Masjid Al-Ghamamah dibangun pada masa pemerintahan Umar bin Abdul Aziz di Madinah. Kemudian direnovasi oleh Sultan Mamalik, Hasan bin Muhammad Qalawun Ash-Shalihi tahun 761 H. Pada masa Sultan Inal (tahun 861 H) dilakukan perbaikan-perbaikan. Setelah itu, Sultan Abdul Majid I melaksanakan renovasi secara tepat sampai masa kini, selain perbaikan-perbaikan yang dilakukan oleh Sultan Abdul Hamid dan Pemerintahan Arab Saudi.
Masjid Al-Ghamamah ini berbentuk persegi panjang, terdiri dari dua bagian; saluran dan aula shalat. Jalan masuknya berbentuk persegi panjang dengan panjang 26 meter dan lebar empat meter. Diberi atap dengan Lima Kubah Masjid yang berbentuk bola. Memiliki lengkungan runcing.
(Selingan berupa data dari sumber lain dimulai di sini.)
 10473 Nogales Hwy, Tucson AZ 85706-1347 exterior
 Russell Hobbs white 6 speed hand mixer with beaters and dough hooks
Di bab atasnya terdapat Kubah Masjid dibagian tengahnya yang terpasang di atas saluran masjid bab luar. Kubah-kubah Masjid ini lebih rendah dari enam Kubah Masjid yang membentuk atap aula shalat. Jalan masuk terbuka di bab utara di jalan raya melalui lengkungan runcing.

 

Sementara aula salat mempunyai panjang 30 meter dan lebar 15 meter aula ini dibagi menjadi dua serambi dan diatapi dengan enam kubah masjid dalam dua barisan yang sejajar. Yang paling besar yakni Kubah Mihrab. Pada dinding aula shalat bab timur terdapat dua jendela persegi panjang. Pada bab atasnya terdapat dua jendela kecil dan di atasnya lagi terdapat jendela ketiga berbentuk bulat. Hal yang sama juga terdapat pada aula shalat bab barat.